The function plotSurfaceIAS()
allows to visualize the
IAS setup. The binwidth of the example above has been set to 20 for
visualization purposes. By default the IAS-algorithm uses a binwidth
that is equal to the distance between the barcode-spots. This results in
bins that include one layer of barcode-spots each.
# using the center to center distance of barcodes as a binwidth
bcsp_dist <- getCCD(object_t313)
# show results
bcsp_dist
## 100 [um]
plist <-
plotSurfaceIAS(
object = object_t313,
id = "necrotic_center",
distance = "2mm",
pt_clrp = "milo", # use colorful palette to highlight the bins
binwidth = bcsp_dist,
ggpLayer = ggpLayerThemeCoords(),
show_plots = FALSE
)
plist2 <-
plotSurfaceIAS(
object = object_t313,
id = "necrotic_center",
distance = "2mm",
pt_clrp = "inferno", # use continuos palette to highlight the 'direction'
binwidth = bcsp_dist,
ggpLayer = ggpLayerThemeCoords(),
show_plots = FALSE
)
# plot results
plist$bins_circle +
labs(subtitle = "a) Colorful")
plist2$bins_circle +
labs(subtitle = "b) Continuous")
The number of bins created this way is expressed in the function: \(n.bins.circle = \frac{distance}{binwidth}\)

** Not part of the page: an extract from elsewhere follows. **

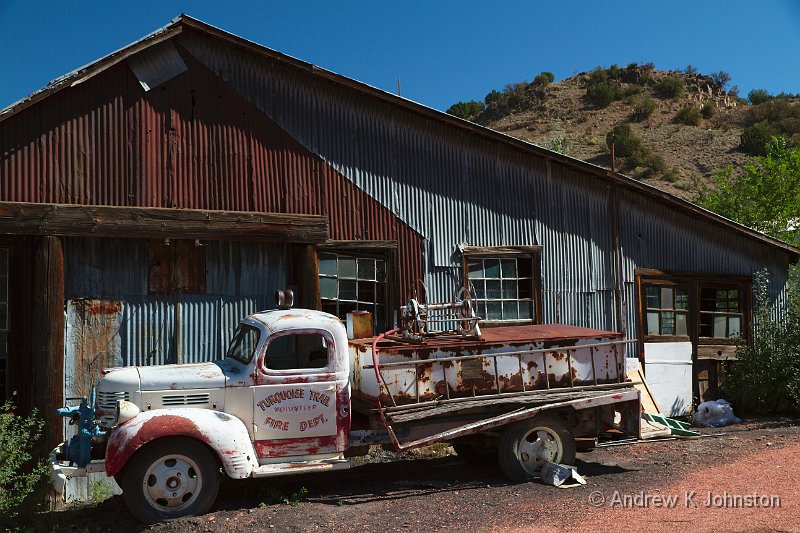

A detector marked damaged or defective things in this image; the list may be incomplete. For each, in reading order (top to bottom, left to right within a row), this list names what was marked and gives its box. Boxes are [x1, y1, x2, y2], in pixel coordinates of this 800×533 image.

broken window [147, 240, 205, 296]
broken window [318, 251, 388, 326]
broken window [462, 250, 536, 322]
broken window [640, 282, 692, 336]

It is possible to specify n_bins_circle
which makes it
the third argument that can be used to adjust the screening.
n_bins_circle
: The number of bins created within the
range from the image annotations border till the horizon where
the screening stops.If so, either distance
or binwidth
must
not be specified because the third parameter is always
calculated according to the first and the second one. Accordingly, the
relation between the arguments stays the same regardless of which
argument is not specified.
If distance
is not specified: \(distance = binwidth * n.bins.circle\)
If binwidth
is not specified: \(binwidth =
\frac{distance}{n.bins.circle}\)
# n_bins_circle = 20
# binwidth = 100um
# distance = n_bins_circle * binwidth = 20 * 100um = 2000um = 2mm
plist3 <-
plotSurfaceIAS(
object = object_t313,
id = "necrotic_center",
n_bins_circle = 20,
binwidth = bcsp_dist,
distance = NA_integer_, # NA as n_bins_circle and binwidth were specified
ggpLayer = ggpLayerThemeCoords(),
show_plots = FALSE
)
# plot results
plist3$bins_circle
The code to expand the area above is wrapped up inside the helper
function bin_by_expansion()
. The binning can be displayed
in form of surface plots.
# distance of 3.3mm covers the whole extent of the sample
distance <- "3.3mm"
# convert to pixel
distance <- as_pixel(distance, object = object_t313)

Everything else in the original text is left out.